22nd Speaker of the Newfoundland House of Assembly
- In office 1920–1923
- Preceded by: William J. Higgins
- Succeeded by: Harry A. Winter

Member of the Newfoundland House of Assembly for Carbonear
- In office November 3, 1919 – October 29, 1923
- Preceded by: John R. Goodison
- Succeeded by: James Moore

Personal details
- Born: William Frederick Penney June 14, 1862 Carbonear, Newfoundland Colony
- Died: January 2, 1934 (aged 71) Carbonear, Newfoundland
- Party: Liberal Reform
- Spouse: Julia Guy
- Relatives: Alfred Penney (uncle)
- Occupation: Businessman

= William F. Penney =

Newfoundland politician (1862–1934)

William Frederick Penney (June 14, 1862 – January 2, 1934) was a merchant, judge and political figure in Newfoundland. He represented Carbonear in the Newfoundland and Labrador House of Assembly from 1919 to 1923 as a Liberal Reform party member. His surname also appears as Penny in some sources.

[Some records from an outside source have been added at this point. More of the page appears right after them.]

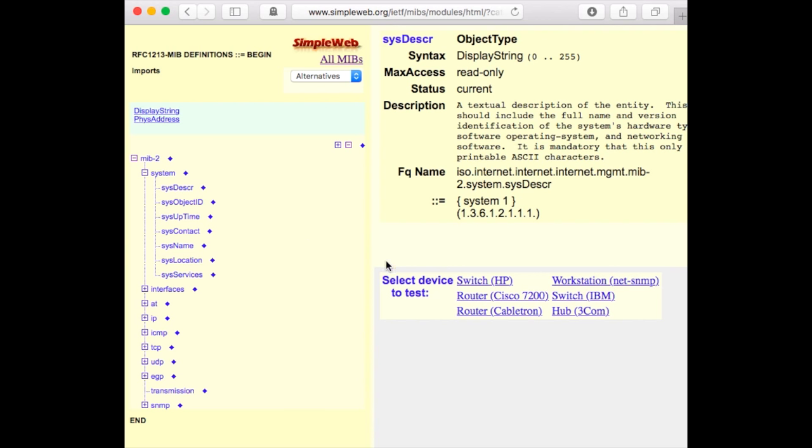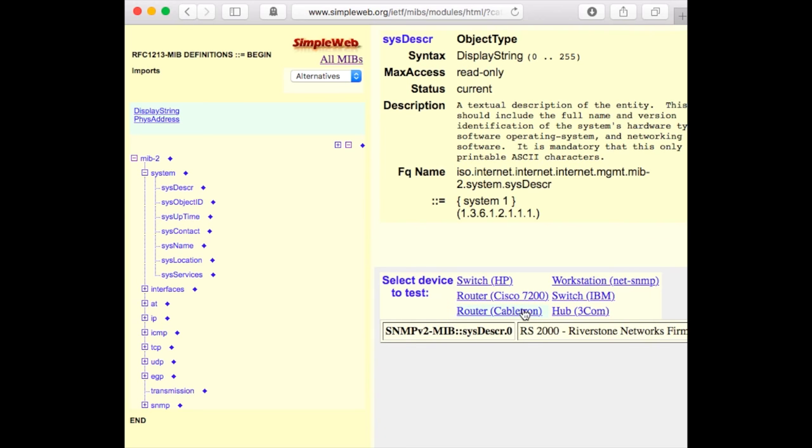We can now click on one of the active devices to query the value of that specific object instance. In this example, we'll select the CableTron router and we see that the description says RS2000 Riverstone networks.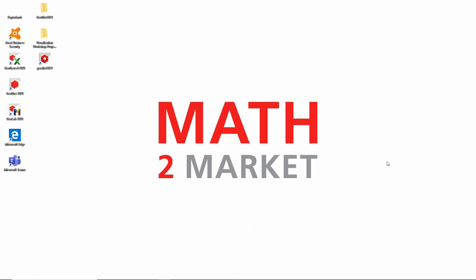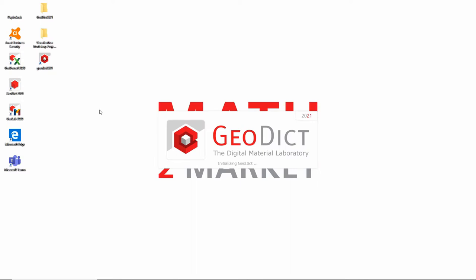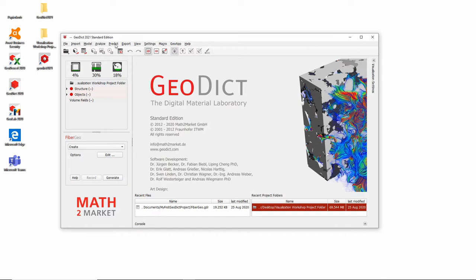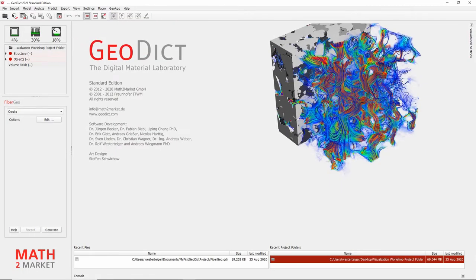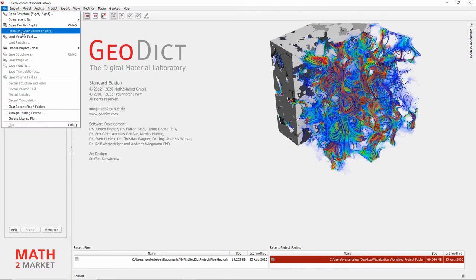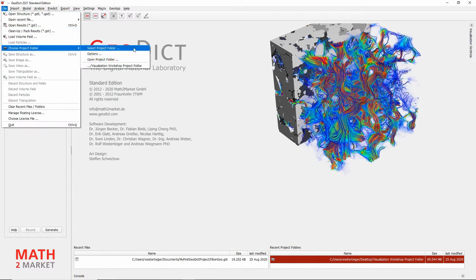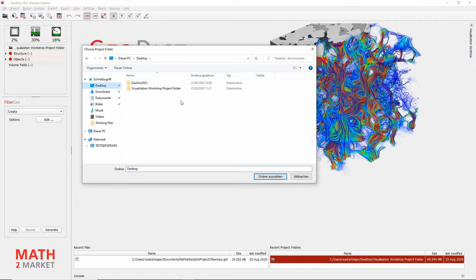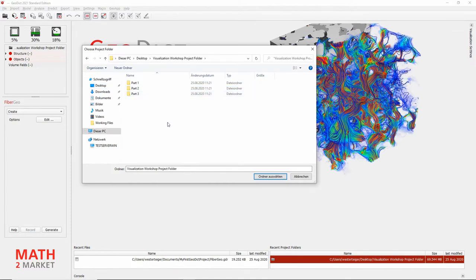Without further ado, let's dive right into part one. Please start GeoDict 2021. You should have received the workshop materials folder. The first thing we want to do is change GeoDict's project folder to this folder. So please click File, choose Project Folder, and select Project Folder. Then navigate to the place where you have stored the workshop materials and double-click into the visualization workshop project folder. This folder contains both the raw image data for visualization inputs as well as all the outputs — images and videos — that we will generate during this workshop. Please click Select Folder.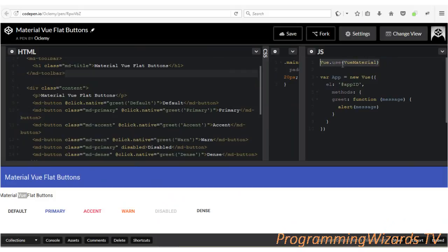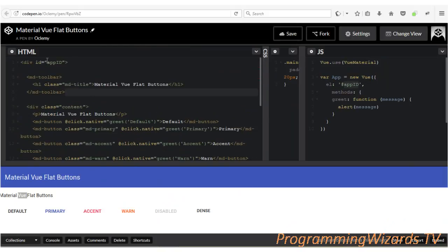In JavaScript, the first thing we do is Vue.use with Vue Material. Then we create our app: Vue app equals new Vue, and we send it to this particular app element. Inside it we pass an object with the element referencing the app id. Then we define our methods - we have one method called 'grid' which takes a message parameter.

He was born in Carbonear, the son of Edgar Penney. He entered the family fishery supply business, later opening his own business. Penney married Julia Guy. He was speaker for the Newfoundland House of Assembly from 1920 to 1923. In 1923, he was named district court judge for Carbonear, succeeding his uncle Alfred Penney, who had also served in the Newfoundland assembly.